YPSILANTI TOWNSHIP (AP) — A 19-year-old white Ypsilanti Township woman was ordered to write a 200- to 250-word essay on diversity, attend a racial sensitivity class, spend six months in jail and serve two years’ probation for racial slurs aimed at her black next-door neighbor.
Judge Darlene O’Brien called Leah Keaton’s behavior “very, very hurtful” during her recent sentencing in Washtenaw County Probate Court, AnnArbor.com reported recently. Keaton had pleaded guilty July 23 to ethnic intimidation.
“I want to get my life on a better track,” Keaton told O’Brien.
Keaton’s 23-year-old neighbor told police she was pushed to the ground after confronting Keaton and her ex-boyfriend, Joseph Starr, on July 3 upon overhearing them repeatedly use a racial slur.
Police left after no one answered the door at Keaton’s home, about 30 miles southwest of Detroit.
But officers returned after receiving complaints that Keaton and Starr were throwing rocks at the neighbor’s house and singing songs about killing black people.
Keaton and Starr were arrested a few days later.
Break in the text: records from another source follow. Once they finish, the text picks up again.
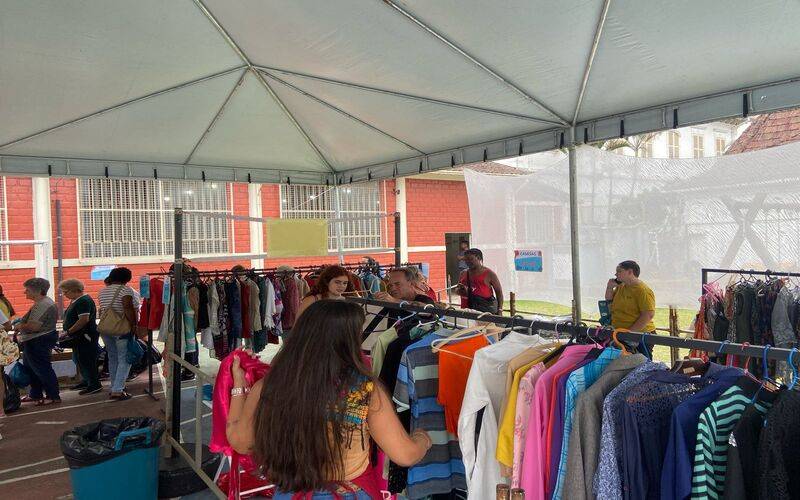 Colégio Santa Catarina de Petrópolis promove Bazar Solidário com preços especiais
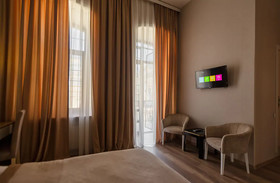 Baku Palace Hotel & Hostel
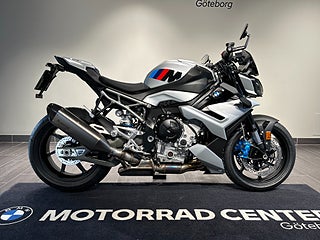BMW M1000R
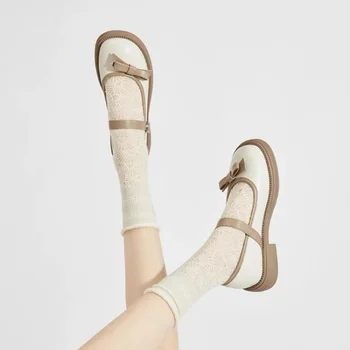 Cipele s niskim берцем od umjetne kože na trgu petu, niska peta (manje od 3 cm), gumeni cijele čarapa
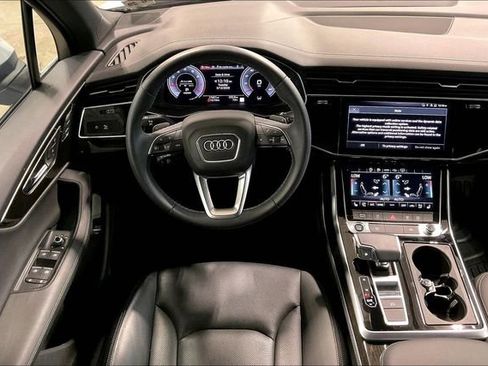 Certified 2025 Audi Q7 2.0T Premium Plus AWD/4WD image 5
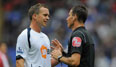 Kevin Davies (l.) und Mark Clattenburg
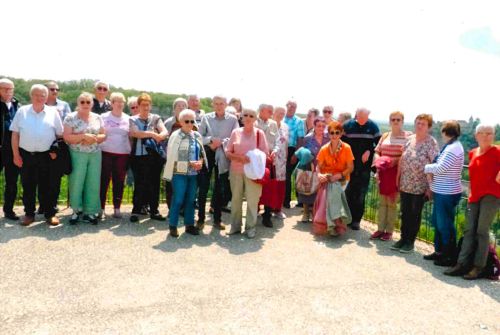 Groupe du club des ainés du Griou à Saint-Jacques-des-Blats dans le Cantal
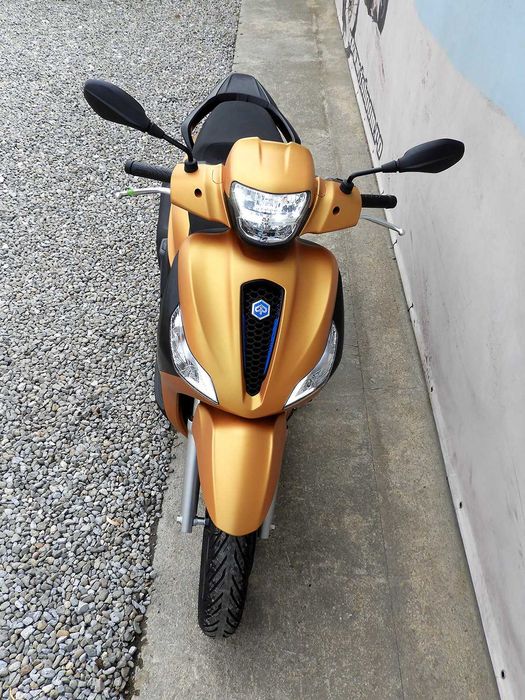 Scuter Piaggio Medley 125 S E5+ 2025 | Rate | Leasing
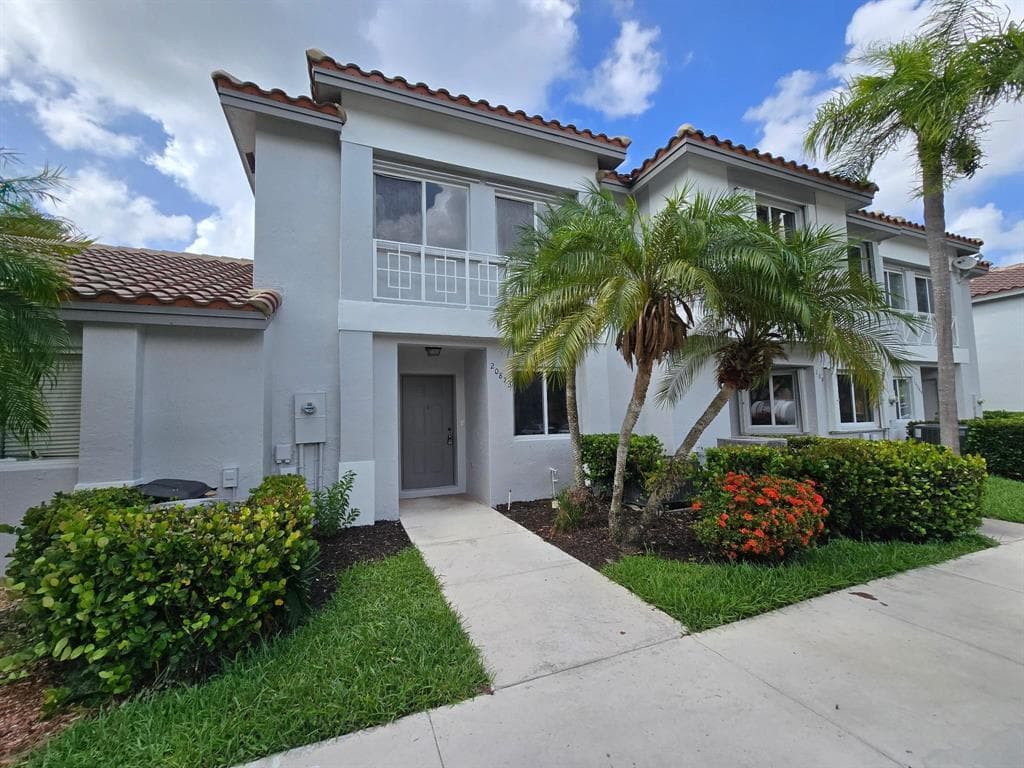 20873 NW 3RD Lane, Pembroke Pines, FL 33029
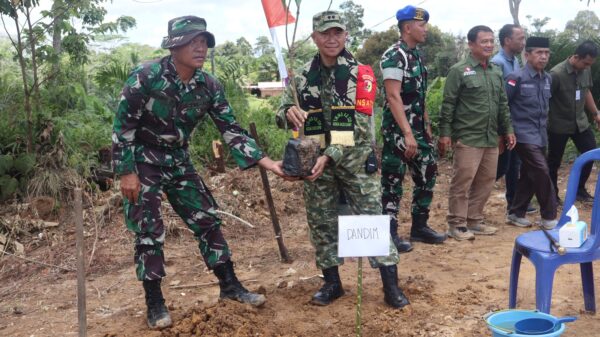 Dansatgas TMMD ke 128 Kodim 0420/Sarko Letkol Inf Yakhya Wisnu Arianto, S.Sos., M.Han Pimpin Aksi Nyata Penanaman Pohon di Desa Seko Besar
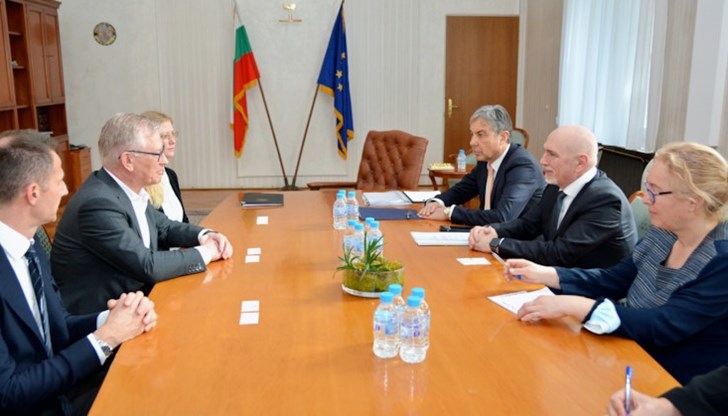 Дискутирани са и възможностите за развитие на връзката Истанбул – Бургас/Варна – Русе по протежението на коридор Рейнско-Дунавски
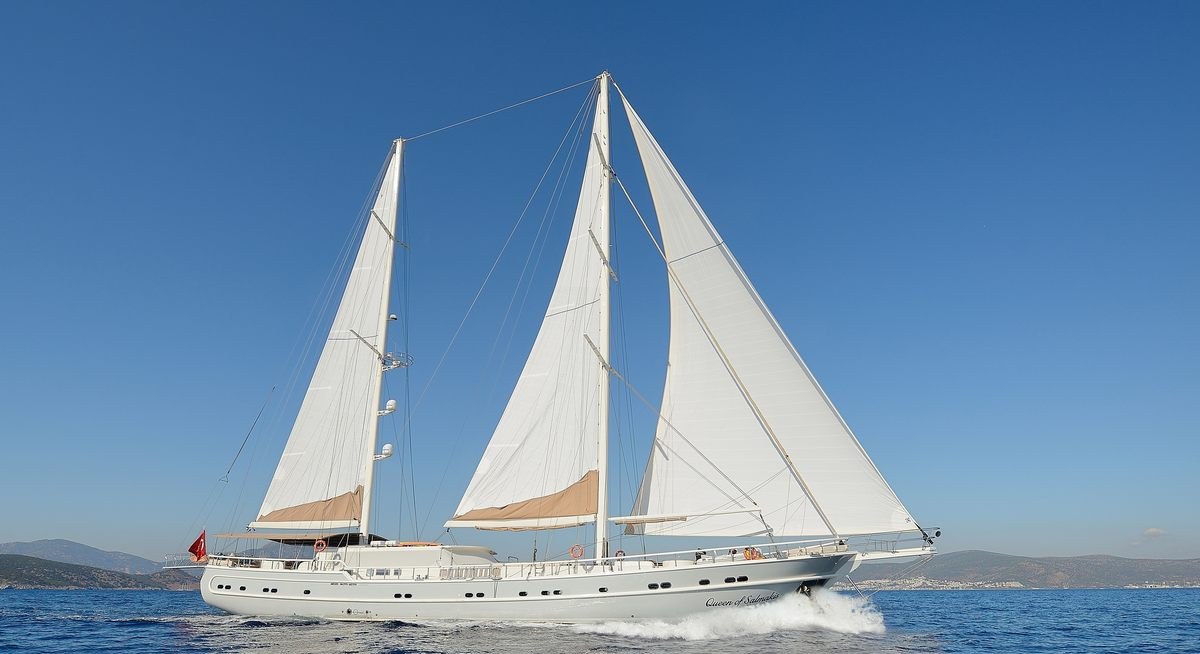 Yacht charter QUEEN OF SALMAKIS YACHT CHARTER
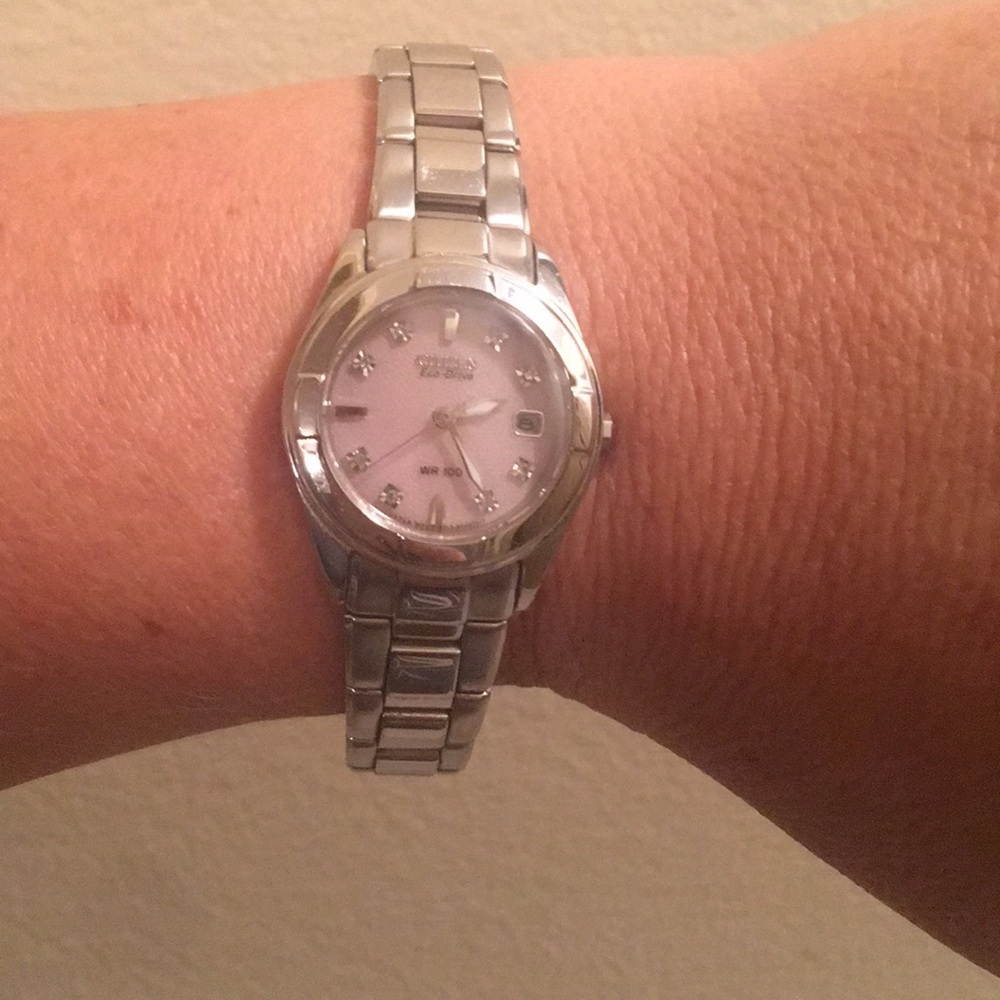 Citizens Eco Drive Breast Cancer watch - Picture 6 of 6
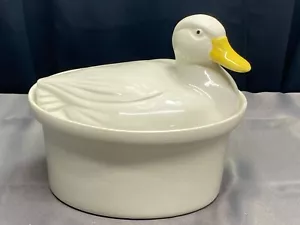 Hall "DUCK" Oval Covered Casserole / Tureen Dish ~ White ~ 9" Overall Height - Picture 1 of 9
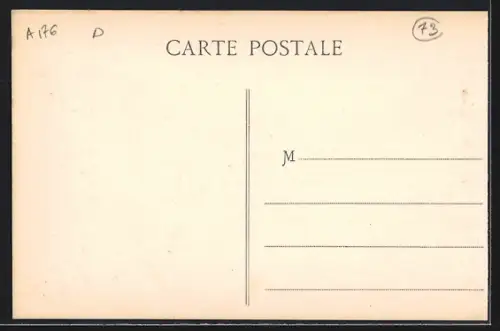 AK Albertville, Rue de la République avec vue sur les montagnes en arrière-plan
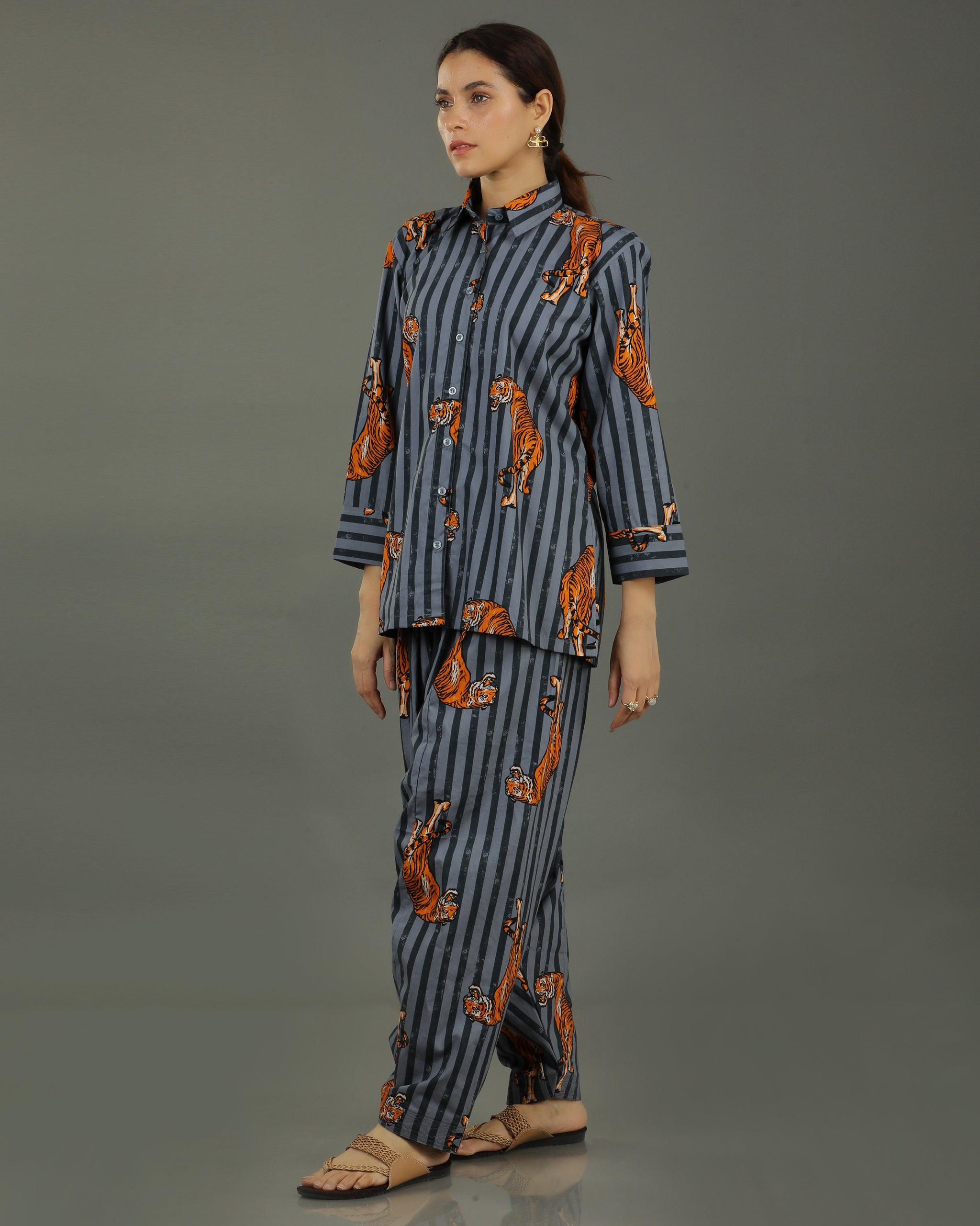 Wildrade Short Cotton Shirt – Charcoal Tiger Print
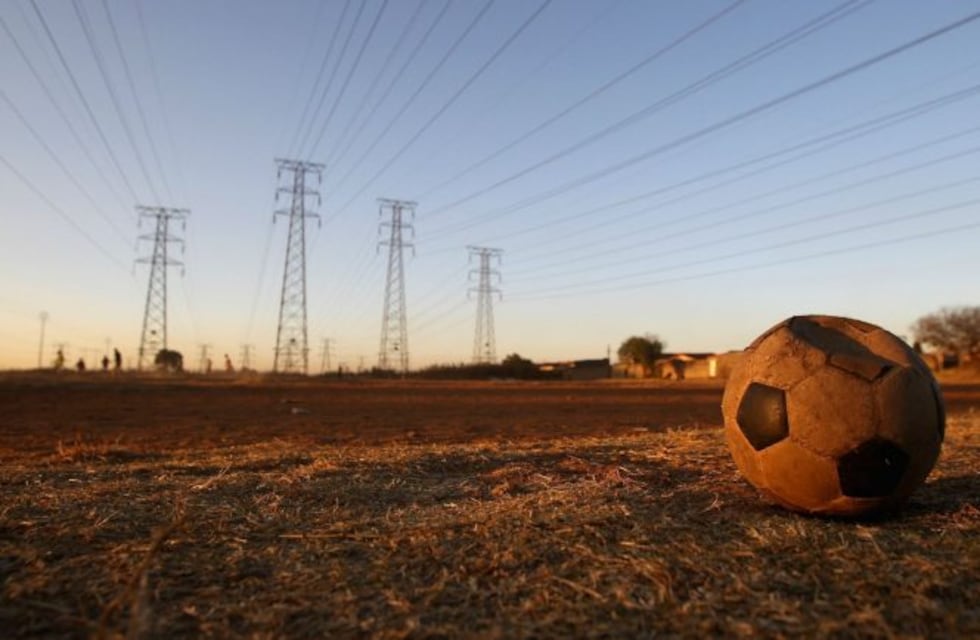 #Mevoyaquedarenmicasa: los agarraron jugando al fútbol y les hicieron repetir la consigna de la cuarentena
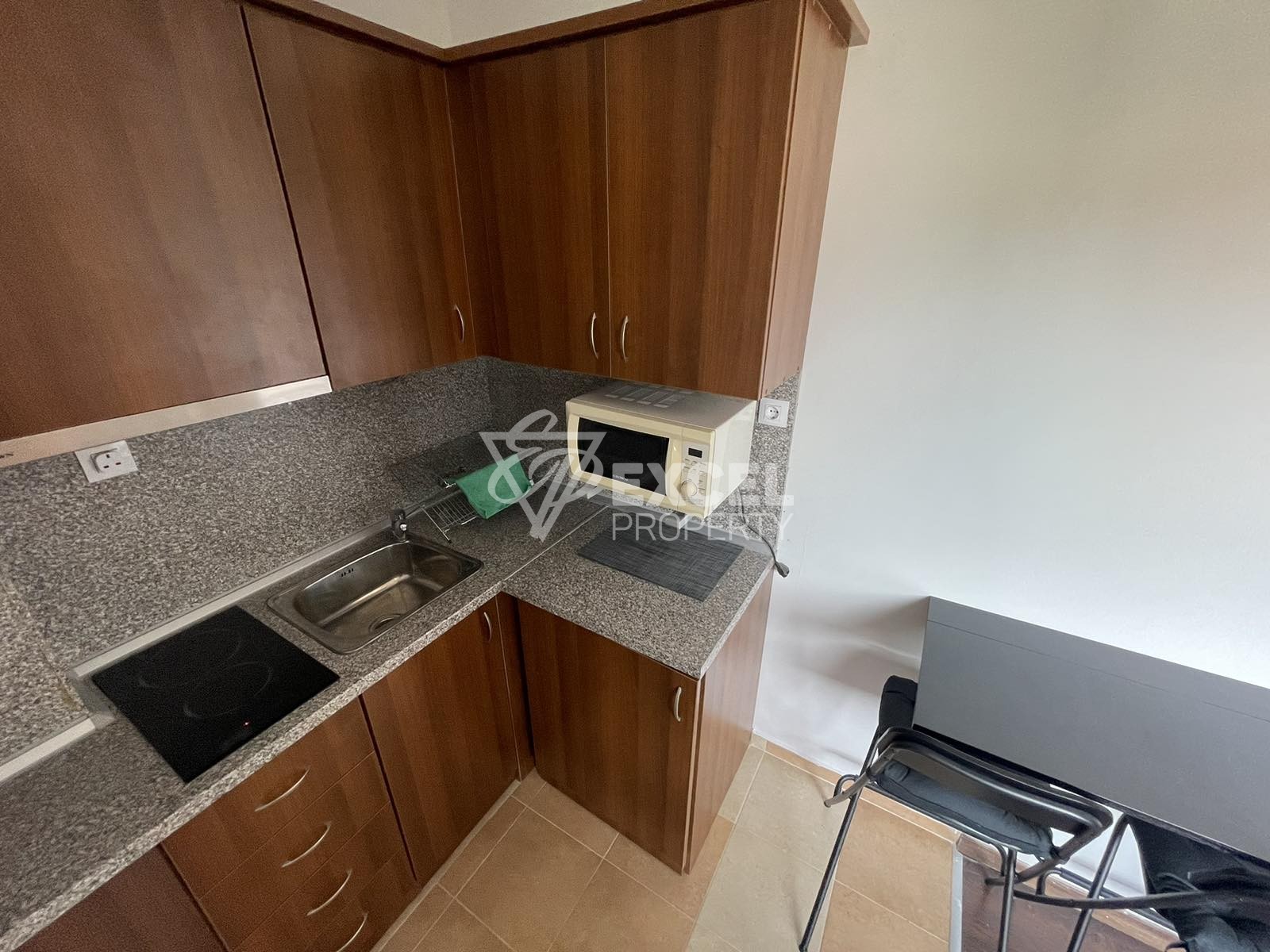 Югозападен мезонет с две спални и камина в целогодишен комплекс Winslow Infinity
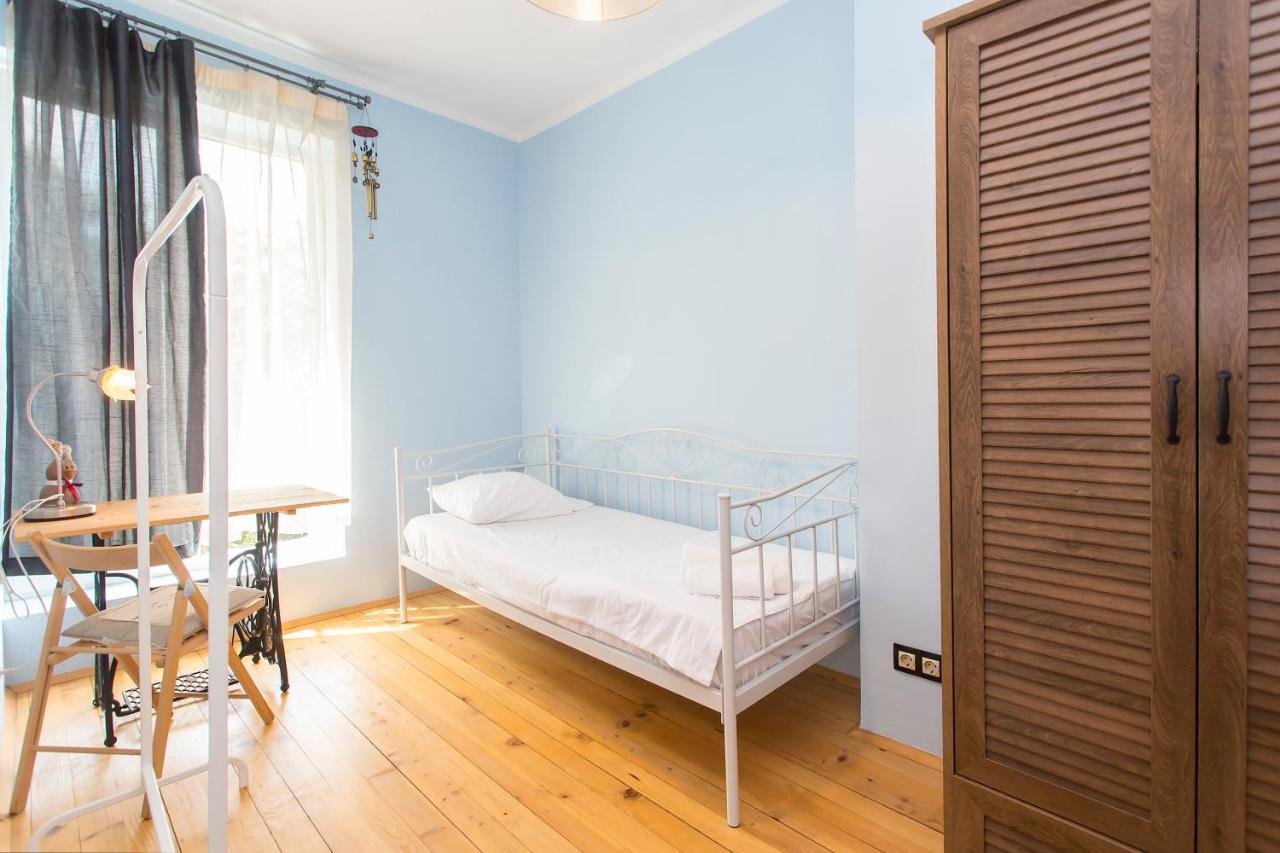 Colorful 2Bdr Apartment In The City Center โซเฟีย ภายนอก รูปภาพ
Authorities later learned the same racial slur had been used toward the neighbor’s 63-year-old father.
“You are a danger to the race you are targeting,” assistant Washtenaw County Prosecutor Brenda Taylor told Keaton. Taylor also read aloud in court a Facebook post in which Keaton bragged about the incident.
Laura Dudley, Keaton’s court-appointed attorney, argued that her client was influenced by her ex-boyfriend. Starr was sentenced Aug. 8 to 60 days in jail after pleading no contest to assault and battery.